As a member of the Chickasaw Indian Nation tribe, Fortune has been documenting the community closest to him since 2016 through striking black and white portraiture of its older and younger generations dressed in intertribal regalia. “I began making documentary photographs as a way of understanding what is happening in regards to racial inequality and economic disparity,” he says. “I strive to create work that will allow others to learn and heal.”
Fortune hopes to win the Dazed 100 to help with the publishing fees of his debut monograph, Oklahoma – “A body of work that has never been produced from this geographic region,” he says – which would be donated to a number of public libraries in the Chickasaw Nation, where the series was made.
When it comes to your work, what are you most proud of?
Rahim Fortune: I'm very proud of all of the work I have done around family dynamics in black and native communities. My proudest moment was having a show at MoMA PS1 in 2018. The show displayed photographs of Indigenous folks wearing intertribal regalia at a native gathering on the Shinnecock reservation.

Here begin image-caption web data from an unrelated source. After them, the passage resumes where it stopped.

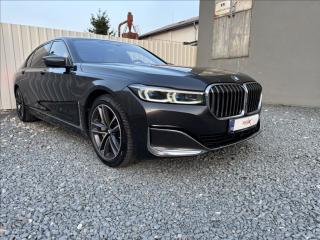 BMW 3.0 740Ld,xDrive,LASER,DPH,R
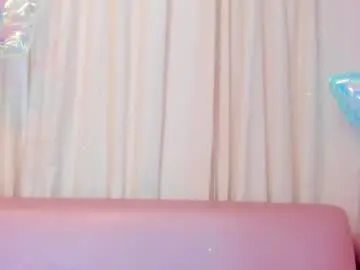 Chaturbate Live Sex of samanthaevans4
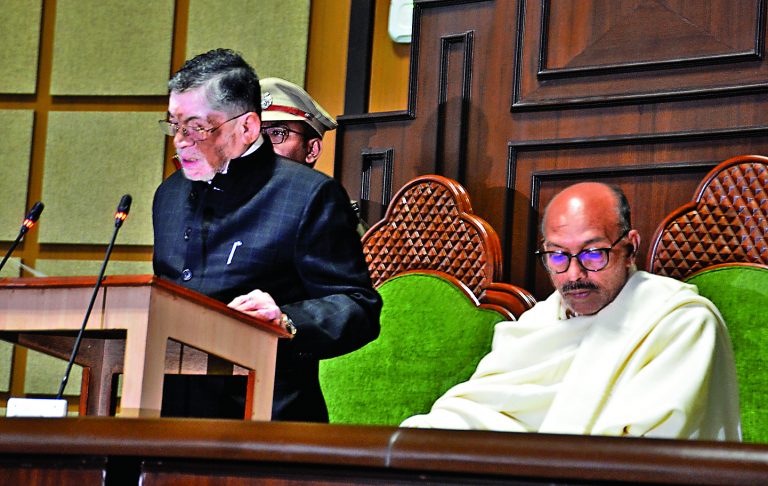 Jharkhand Assembly News : एक लाख सरकारी पदों पर होगी नियुक्ति, महिलाओं को नौकरी में 33 प्रतिशत आरक्षण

What or who gives you hope and why?
Rahim Fortune: Working with the future generation of artists and thinkers gives me hope. We are in a moment where the voices of people of colour, women, and queer artists are able to be amplified like never before. Seeing fresh work created in the American South is something that constantly gives me hope.
“I began making documentary photographs as a way of understanding what is happening in regards to racial inequality and economic disparity. I strive to create work that will allow others to learn and heal” – Rahim Fortune
What creative or philanthropic project would you work on with a grant from the Dazed 100 Ideas Fund?
Rahim Fortune: This grant would help me complete the sequencing and publishing of my first monograph, Oklahoma. This book is a collection of photographs and essays created over three years, of me returning to my family's native land. It's a body of work that has never been produced from this geographic region.